By accident. I 100 percent intended to get my degree and pursue a career as a hotel general manager. Then I took a class taught by UNLV professor Vince Eade that opened my eyes to the HR side of the business. Curious to learn more, I did an internship working for the head of HR at Station Casinos. From that experience, my interest grew.
Then through a partnership with UNLV and the Aladdin Hotel & Casino, I landed a job as an entry-level HR clerk during a time when the property was reopening and eventually worked my way into a recruiter position.
I have now spent 25-plus years working in the field, and among the many things I’ve learned is the journey is never ending in HR. There isn’t a day that goes by that I don’t learn something from our business leaders and my team.
One of UNLV’s core missions is to help students cultivate a sense of self-determination. Describe a moment when you had to rely on self-determination to accomplish a task.
There are many examples, but one in particular really set the foundation for my future.
Like many college students, I balanced a full college schedule with a full-time job, with mine being on the Strip. I elected to work the graveyard shift to ensure I could devote time to both endeavors. It’s amazing the amount of energy you have at 21 years old to work crazy hours and handle a heavy schoolwork load, all on very little sleep. However, I kept my eye on the finish line and where I wanted to be in the end, and it helped me get through some very challenging days.
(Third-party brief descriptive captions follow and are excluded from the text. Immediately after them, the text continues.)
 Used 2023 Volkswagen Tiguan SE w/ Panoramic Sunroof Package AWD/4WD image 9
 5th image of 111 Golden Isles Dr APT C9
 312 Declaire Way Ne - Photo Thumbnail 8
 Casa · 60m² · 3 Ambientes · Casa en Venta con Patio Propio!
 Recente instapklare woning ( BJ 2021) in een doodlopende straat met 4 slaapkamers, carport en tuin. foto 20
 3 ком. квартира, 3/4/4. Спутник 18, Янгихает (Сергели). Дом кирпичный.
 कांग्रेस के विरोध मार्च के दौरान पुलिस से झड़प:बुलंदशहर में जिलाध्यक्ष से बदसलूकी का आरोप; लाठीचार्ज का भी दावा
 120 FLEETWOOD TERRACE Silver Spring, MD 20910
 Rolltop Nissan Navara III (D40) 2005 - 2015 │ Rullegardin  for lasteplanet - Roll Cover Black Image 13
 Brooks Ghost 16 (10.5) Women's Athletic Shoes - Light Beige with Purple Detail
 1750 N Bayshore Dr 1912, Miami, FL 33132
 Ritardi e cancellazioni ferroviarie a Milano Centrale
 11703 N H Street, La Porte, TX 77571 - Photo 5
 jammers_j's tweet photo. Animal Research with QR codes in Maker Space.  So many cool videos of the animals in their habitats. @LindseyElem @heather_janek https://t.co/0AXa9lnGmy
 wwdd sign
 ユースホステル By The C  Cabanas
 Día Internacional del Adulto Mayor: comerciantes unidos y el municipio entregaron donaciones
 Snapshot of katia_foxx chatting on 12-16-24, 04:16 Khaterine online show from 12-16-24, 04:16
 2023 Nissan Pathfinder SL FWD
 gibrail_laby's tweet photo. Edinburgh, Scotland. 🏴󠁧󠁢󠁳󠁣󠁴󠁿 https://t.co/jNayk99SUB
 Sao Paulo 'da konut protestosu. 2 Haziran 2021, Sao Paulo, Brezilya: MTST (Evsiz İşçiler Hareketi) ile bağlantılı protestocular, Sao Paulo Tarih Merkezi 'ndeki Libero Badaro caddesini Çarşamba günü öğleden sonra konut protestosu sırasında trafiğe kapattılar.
Learning those habits early prepared me for the demanding work in hospitality. I realized quickly that every day brings a new challenge, and perseverance is a big part of success in this industry.
UNLV students and alumni are encouraged to embrace the “Rebel Spirit” — to be daring and gutsy and to resist convention. Describe a time when your “Rebel Spirit” was on full display.
Generally, I would not label myself as daring. However, being part of a rebranding effort at Harrah’s Rincon Casino-Resort — a Caesars property in north San Diego — was by far the most innovative cultural experience of my career. In an effort to stand out among the dozens of tribal casinos in the surrounding area, the resort’s leadership team — in partnership with tribal council leaders — renamed the area Funner, California.
It took everything I knew about the conventional team-member experience and either amplified it or reinvented it. From how we engaged with customers to appearance standards, it truly was a cultural evolution.
What I learned from that experience and have carried into my current role is that we should question convention. That said, reinvention doesn’t have to be overly dramatic to significantly impact the employee experience. Sometimes, the simple things make the biggest difference.